• [Exercise goal]
The lines to transcribe run from the top of the material below to the line with "Question 2.2 asks: what", inclusive. Leave the pictures behind.

• [Given information]
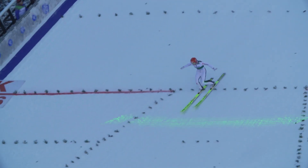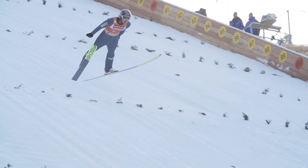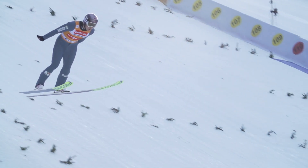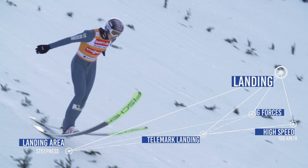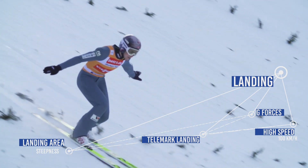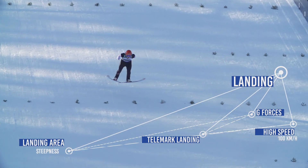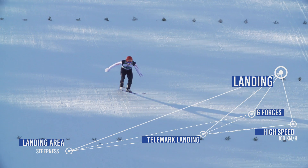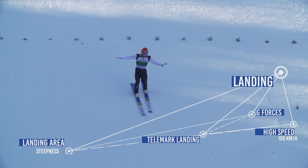During landing, athletes not only have to deal with the high speed and the difficulty of setting a stable telemark landing, but the body is also battered with G-forces of around 2-3 Gs, depending on how long the jump is and the steepness of the landing area.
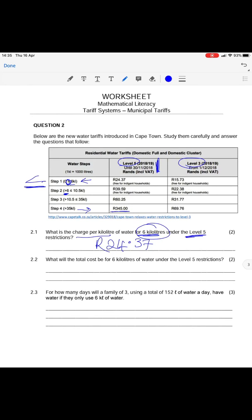Question 2.2 asks: what will the total cost for 6 kilolitres of water be under level 5 restrictions? If it is R24.37 per kiloliter, we multiply that by the 6 kilolitres and we get a total cost of R146.22.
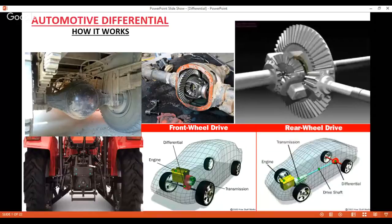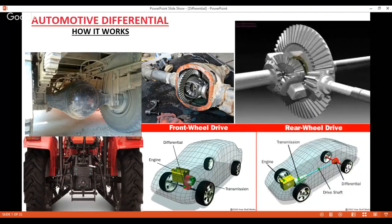Today we are going to discuss automotive differential. In this video I will explain how differential works, the fundamental working principle behind the differential, how tractor differential is different from automotive differential, what are the different types of differential, advantages and disadvantages, and then we will solve some conceptual and numerical problems from GATE.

• [Response below]
During landing, athletes not only have to deal with the high speed and the difficulty of setting a stable telemark landing, but the body is also battered with G-forces of around 2-3 Gs, depending on how long the jump is and the steepness of the landing area.
Question 2.2 asks: what will the total cost for 6 kilolitres of water be under level 5 restrictions? If it is R24.37 per kiloliter, we multiply that by the 6 kilolitres and we get a total cost of R146.22.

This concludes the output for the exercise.